REPUBLIKA.CO.ID,JAKARTA -- Pengamat politik Para Syndicate Ari Nurcahyo menilai, dukungan Ijtima Ulama II kepada Prabowo Subianto-Sandiaga Uno mengukuhkan branding ulama-umara pada pasangan itu. Menurut dia, komposisi ulama-umara memang menjadi tren dalam Pemilihan Umum Presiden (Pilpres) 2019.
Ia mengatakan, sejak awal bakal calon presiden (capres) Joko Widodo (Jokowi) maupun Prabowo ingin mengangkat duet antara nasionalis dengan religius. Karena itu, diadakan Ijtima Ulama yang merekomendasikan nama-nama ulama untuk mendampingi Prabowo.

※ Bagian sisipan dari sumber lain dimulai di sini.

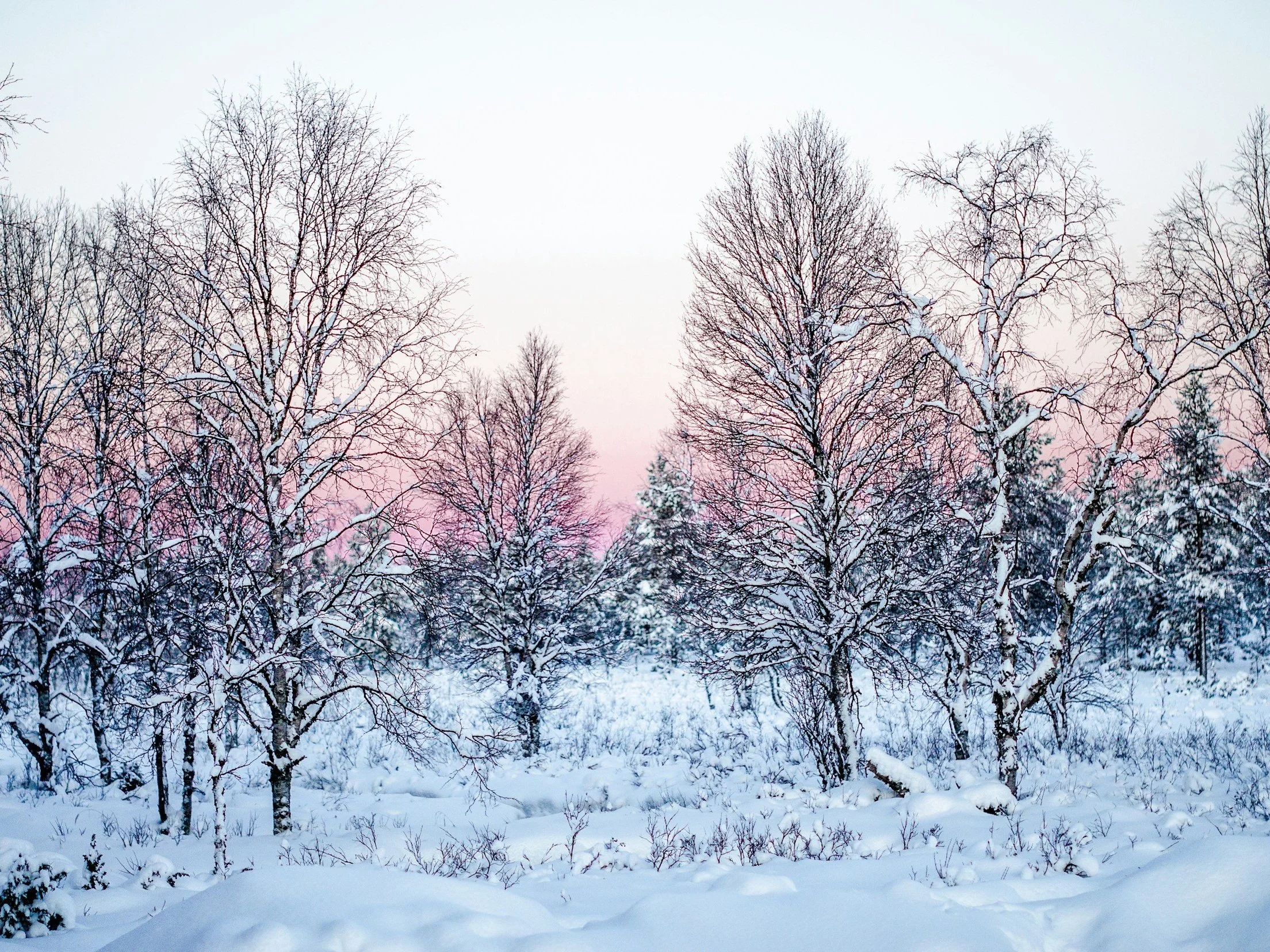 Fear Sees Obstacles, But The Anointing Sees Divine Assignment. When You Stop Waiting To “Feel Ready,” You Discover God Already Equipped You For Greatness.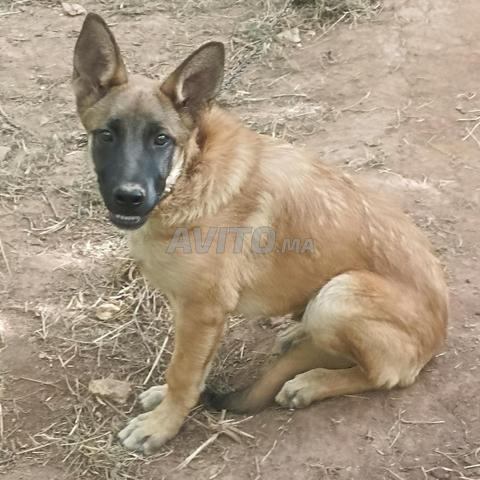 Chien Malinois Mâle - 2
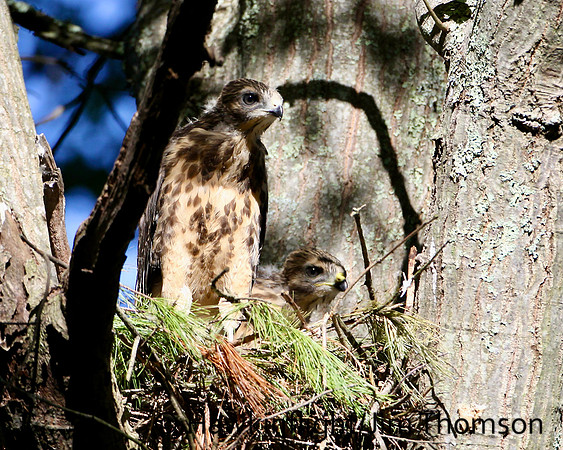 Red-shouldered Hawk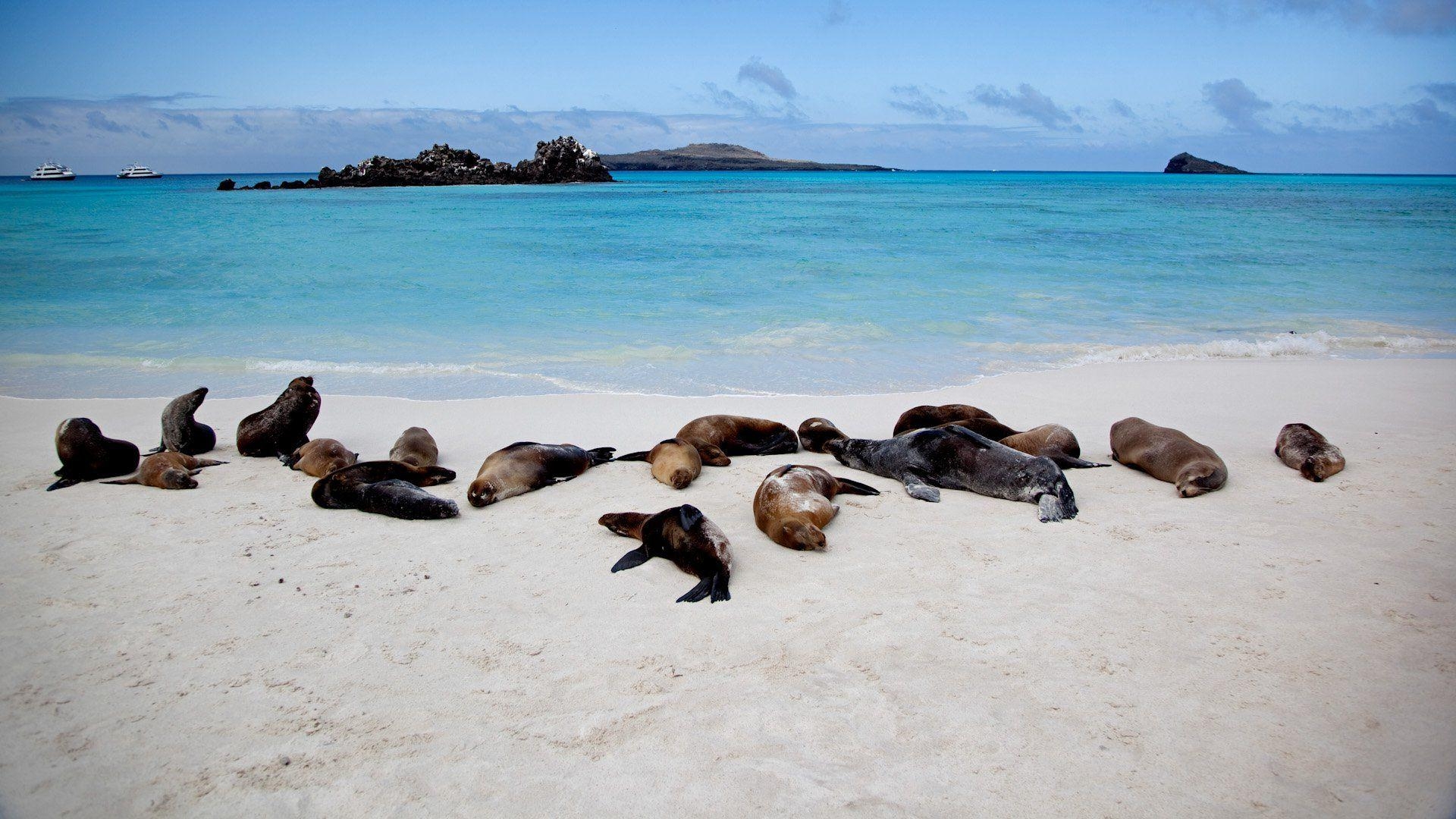 Galapagos Inseln, Beste, Besuch, Natur, Reisen, 1920x1080 Full HD Desktop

"Itu misinya, antara ulama umara. Kalau di Jokowi kan jelas, ada Ma'ruf Amin. Sementara prabowo dari awal ingin mengakomodasi dirinya dengan ulama. Ijtima Ulama," kata dia saat dihubungi Republika.co.id, Senin (17/9).
Namun, adanya dinamika politik tidak memungkinkan Prabowo mengusung ulama sebagai pasangannya. Sementara, kehadiran Sandiaga Uno dinilai tak mampu mengangkat branding ulama.
"Branding ulama umara ini ingin tetap diusung oleh pasangan prabowo-sandiaga. Ijtima Ulama II mengukuhkan posisi itu," kata dia.
Menurut Ari, tren ulama umara muncul bukan tanpa sebab. Menguatnya politik identitas dan mayoritas penduduk Indonesia yang beragama Islam menjadi salah satu alasannya.
Karena itu, kata dia, ulama umara merupakan representasi dari tokoh nasionalis dan religius yang bisa membawa bangsa lebih maju. "Untuk tetap mengakomodasi narasi besar ini, Ijtima Ulama menjadi penting. Karena memang tren politik di dalam negeri sedang mengarah ke sana," ujar dia.
Meski begitu, kata dia, yang menjadi pekerjaan berat adalah menjaga keadaban publik agar tidak terjadi polarisasi di masyarakat. Pasalnya, elite politik sering kali terjerumus pada model politik identitas.
"Jangan sampai kita terjerumus pada model eksploitasi politik identitas yang membuat pembelahan di masyarakat," kata dia.